By Tyisha Ali / Staff Writer
A missing jewel, multiple deaths and a hard-core mystery were brought to the main stage of LBCC in the Broadway production of “Kill Me Deadly” and it attracted full houses March 12-21.
The audience gave a standing ovation after viewing the mystery spoof written by Bill Robens and directed by Gregory Mortensen.
Martin Hernandez, 20, a film major, said, “It was really funny. I enjoyed everything from the beginning to the end.
The play paid homage to the classic hard and gritty dark mystery of film noir, a term used to describe the dark and edge genre of old black and white detective productions in Hollywood, by spoofing scenes and improvising in unexpected mishaps.
In honor of film noir, the Performing Arts Department showed a parody of a classic film noir with crimes, lust, sensual motives, sarcasm and witty lingo to set the tone of the 1940’s and everything was dramatic.
Charlie Nickels, a Los Angeles private detective, and his witty secretary investigated the murder of a wealthy client and the theft of “the most expensive diamond in the world.” Nickels is determined to uncover who assassinated his client and stole the diamond.
Nickels is challenged to weed out many suspects, deal with Mafia men and stay one step ahead of the police. When Nickels is framed by a femme fatale, Mona Livingston, he is forced to question who he should trust.
Emily Ayala, 20, a music major, said, “I loved it. It was so good.

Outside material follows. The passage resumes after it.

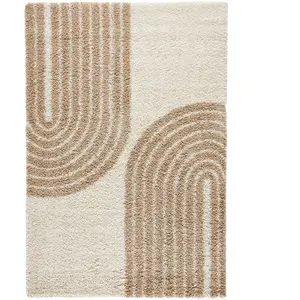 Nazar Tapis shaggy à poils long à motif demi-arc - Beige - 120x160 cm pas cher
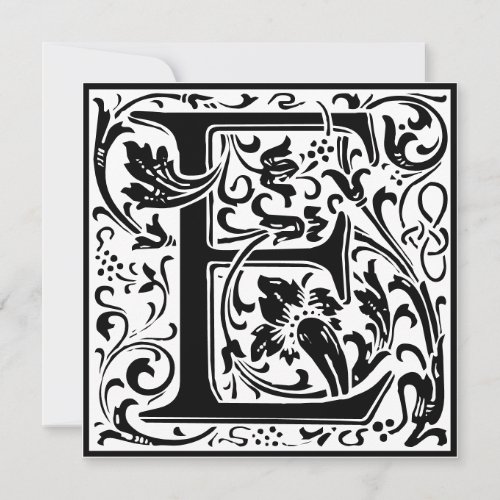 William Morris Floral Alphabet Monogram Letter E Invitation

I like how you can feel like you are in the times it was set in.”
The actors in the play were professional and played their characters with such ease. The mini black-and-white film carried the play along as the audience watched Nickels think and drive while solving the case. The play kept the audience guessing and laughing until the end.
Crystal Gomez, 20, a psychology major, said, “At first I thought it was Clyde, but then I knew it was Mona in the bar scene.”
Ayala, said, “In the beginning I thought it was the butler, but all the evidence pointed to Mona.”
Gomez said “It was really entertaining. At first, I thought it would be cheesy, but it was really fun.”
Mario Provincia, 22, a theater major, said, “My favorite scene was when Bugsy (Siegel]) appeared and had Charlie beaten up.”